From a0af74358562b69ddf8c7de6f7d276d56433bdfd Mon Sep 17 00:00:00 2001
From: Maximilian Huettenrauch <max.huettenrauch@gmail.com>
Date: Mon, 6 Dec 2021 13:43:45 +0100
Subject: [PATCH] updated table tennis and beerpong for promp usage

---
 alr_envs/alr/__init__.py                      | 64 +++++++++++++------
 alr_envs/alr/classic_control/README.MD        |  5 +-
 alr_envs/alr/mujoco/__init__.py               |  2 +-
 alr_envs/alr/mujoco/beerpong/beerpong.py      | 10 +--
 .../alr/mujoco/beerpong/beerpong_reward.py    |  2 +
 .../mujoco/beerpong/beerpong_reward_staged.py | 55 +++++++---------
 .../alr/mujoco/beerpong/beerpong_simple.py    | 11 ++--
 alr_envs/alr/mujoco/table_tennis/tt_gym.py    | 44 +++++++------
 8 files changed, 107 insertions(+), 86 deletions(-)

diff --git a/alr_envs/alr/__init__.py b/alr_envs/alr/__init__.py
index f835328..e2ba068 100644
--- a/alr_envs/alr/__init__.py
+++ b/alr_envs/alr/__init__.py
@@ -198,14 +198,19 @@ register(
 
 ## Table Tennis
 register(id='TableTennis2DCtxt-v0',
-         entry_point='alr_envs.alr.mujoco:TT_Env_Gym',
+         entry_point='alr_envs.alr.mujoco:TTEnvGym',
          max_episode_steps=MAX_EPISODE_STEPS,
-         kwargs={'ctxt_dim':2})
+         kwargs={'ctxt_dim': 2})
+
+register(id='TableTennis2DCtxt-v1',
+         entry_point='alr_envs.alr.mujoco:TTEnvGym',
+         max_episode_steps=1750,
+         kwargs={'ctxt_dim': 2, 'fixed_goal': True})
 
 register(id='TableTennis4DCtxt-v0',
-         entry_point='alr_envs.alr.mujoco:TT_Env_Gym',
+         entry_point='alr_envs.alr.mujoco:TTEnvGym',
          max_episode_steps=MAX_EPISODE_STEPS,
-         kwargs={'ctxt_dim':4})
+         kwargs={'ctxt_dim': 4})
 
 ## BeerPong
 difficulties = ["simple", "intermediate", "hard", "hardest"]
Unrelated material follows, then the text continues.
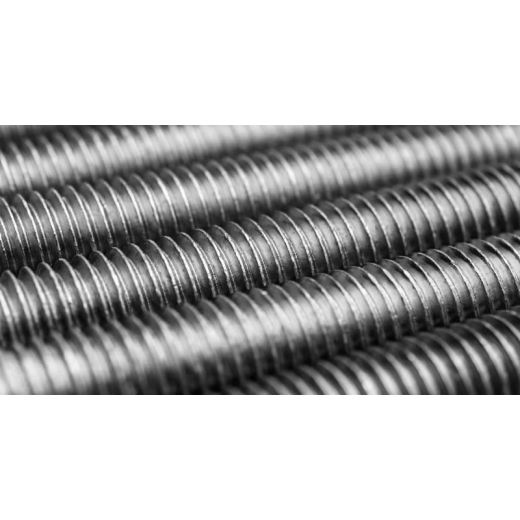 Different Types of Screw Threads and Terminology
@@ -369,13 +374,10 @@ register(
         "mp_kwargs": {
             "num_dof": 7,
             "num_basis": 2,
-            "n_zero_bases": 2,
-            "duration": 0.5,
-            "post_traj_time": 2.5,
-            # "width": 0.01,
-            # "off": 0.01,
+            "duration": 1,
+            "post_traj_time": 2,
             "policy_type": "motor",
-            "weights_scale": 0.08,
+            "weights_scale": 0.2,
             "zero_start": True,
             "zero_goal": False,
             "policy_kwargs": {
@@ -388,22 +390,46 @@ register(
 ALL_ALR_MOTION_PRIMITIVE_ENVIRONMENTS["ProMP"].append("BeerpongProMP-v0")
 
 ## Table Tennis
+ctxt_dim = [2, 4]
+for _v, cd in enumerate(ctxt_dim):
+    _env_id = f'TableTennisProMP-v{_v}'
+    register(
+        id=_env_id,
+        entry_point='alr_envs.utils.make_env_helpers:make_promp_env_helper',
+        kwargs={
+            "name": "alr_envs:TableTennis{}DCtxt-v0".format(cd),
+            "wrappers": [mujoco.table_tennis.MPWrapper],
+            "mp_kwargs": {
+                "num_dof": 7,
+                "num_basis": 2,
+                "duration": 1.25,
+                "post_traj_time": 4.5,
+                "policy_type": "motor",
+                "weights_scale": 1.0,
+                "zero_start": True,
+                "zero_goal": False,
+                "policy_kwargs": {
+                    "p_gains": 0.5*np.array([1.0, 4.0, 2.0, 4.0, 1.0, 4.0, 1.0]),
+                    "d_gains": 0.5*np.array([0.1, 0.4, 0.2, 0.4, 0.1, 0.4, 0.1])
+                }
+            }
+        }
+    )
+    ALL_ALR_MOTION_PRIMITIVE_ENVIRONMENTS["ProMP"].append(_env_id)
+
 register(
-    id='TableTennisProMP-v0',
+    id='TableTennisProMP-v2',
     entry_point='alr_envs.utils.make_env_helpers:make_promp_env_helper',
     kwargs={
-        "name": "alr_envs:TableTennis4DCtxt-v0",
+        "name": "alr_envs:TableTennis2DCtxt-v1",
         "wrappers": [mujoco.table_tennis.MPWrapper],
         "mp_kwargs": {
             "num_dof": 7,
             "num_basis": 2,
-            "n_zero_bases": 2,
-            "duration": 1.25,
-            "post_traj_time": 4.5,
-            # "width": 0.01,
-            # "off": 0.01,
+            "duration": 1.,
+            "post_traj_time": 2.5,
             "policy_type": "motor",
-            "weights_scale": 1.0,
+            "weights_scale": 0.2,
             "zero_start": True,
             "zero_goal": False,
             "policy_kwargs": {
@@ -413,4 +439,4 @@ register(
         }
     }
 )
-ALL_ALR_MOTION_PRIMITIVE_ENVIRONMENTS["ProMP"].append("TableTennisProMP-v0")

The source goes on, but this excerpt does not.